# new engine ?!



## whutup (Mar 2, 2011)

hey everyone!

my question may be strange a bit for you but I'm working a race track and we own couple racing ferrari and lambo. We have a lambo without engine blew up. Short story, we had problem with oil pressure, get this car to the garage and the garage told us that everything was okay execpt the gauge was defect ut the pressure was A1 so we ran the lambo and the engine. Anyway... thats not my question. 

My boss wants to put an engine in it and drift with that car. He doesnt want to put a lambo engine in it tho. What engine can we swap in it without too much problem and custom stuff ? 

hope its clear ?!

thanks!


----------



## mentos876 (Oct 20, 2013)

this , lol

http://www.ebay.com/itm/Good-Used-1...her_Vehicle_Parts&hash=item58a36f5f0a&vxp=mtr


----------



## PowerDubs (Jul 22, 2001)

Sell it to me and I'll take the W12 out of my Phaeton and put it in there. No joke.


----------



## halo777 (Jan 30, 2011)

By swapping a non-stock engine into the Gallardo, you are going to lose WAY more in resale on the car, than you would replacing the engine. Just so you know. So, if you are looking at the swap to save money, then you are really unlikely to achieve that goal. 

If you are intent on a swap, you could go with an Audi v8 or v10, since certain ones are close in design to the Gallardo engine. What is the Gallardo, v8 or v10? The v10 Audi/Lambo engines are awesome. But again, I think you would be better sticking with the Lambo block. I started a thread on the Audi v10 S6. 

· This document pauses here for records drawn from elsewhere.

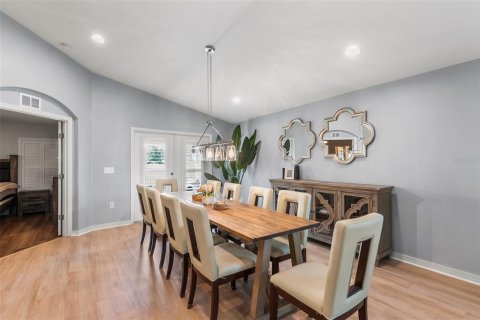 Villa ou maison à vendre à Auburndale, Floride: 3 chambres, 162.76 m2 № 2351540 - photo 8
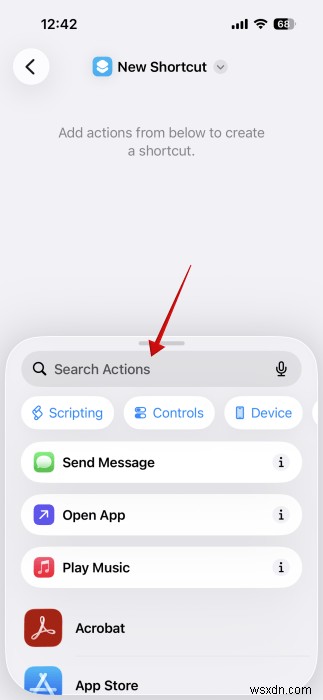 【アプリ不要】iPhoneの標準機能だけでHEICをJPEGに変換する方法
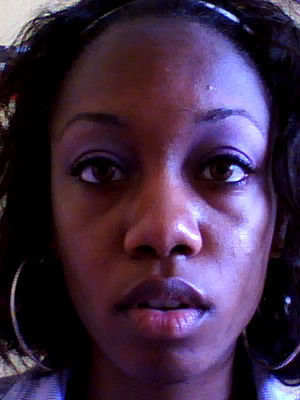 Breonna Gildon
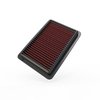 33-5027 High Performance O.E. - Style Replacement Filter 2020-2015 Honda Fit 1.5L - image 2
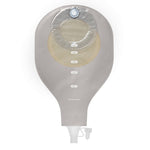 SenSura® Mio High Output Transparent Ostomy Pouch, Trim to fit 10 – 100 mm Stoma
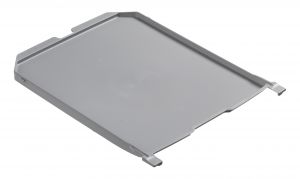 S590843 LID FOR MAGIC DRAWER - GRAY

http://audirevolution.net/forum/index.php?topic=2614.0

The most common swaps nowadays are the LS swaps. Although, I have never seen one done on a Gallardo. On the Porshe 996 cars Renegade Hybrid has a kit. But even with the kit is is $30k for the job including labor. So, expect the Gallardo to reach up to $50k or more, since it is a one off project.

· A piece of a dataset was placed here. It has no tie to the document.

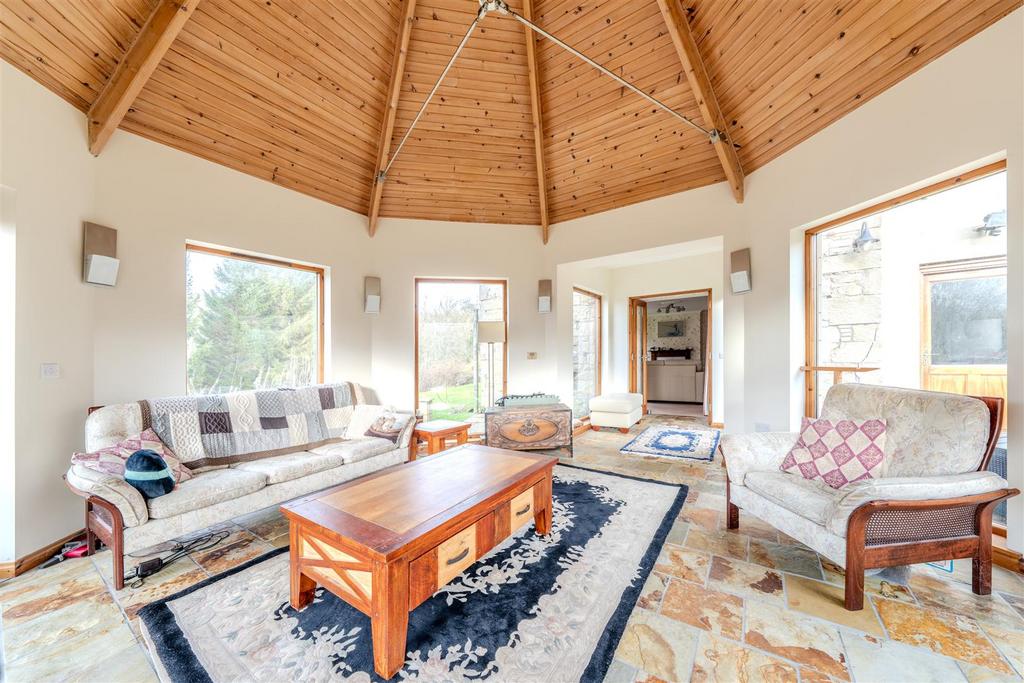 Braeside house-7.jpg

If he wants to trade the Gallardo for a crazy Audi S6 v10 project car, let me know. My car is getting some pretty awesome custom engine stuff done on it right now that should really bring out the beast.

If he is interested in selling the car with the blown engine, let me know too. Just out of curiosity.

Honestly, I think the engine swap makes the least sense. But, it could end up being a crazy fun car to drive once complete. Who believes in common sense anyway


----------



## Aleeex (Dec 23, 2013)

I was under the impression that the Audi R8 engine is basically the same.. Bout 40 HP less, but mostly the same


----------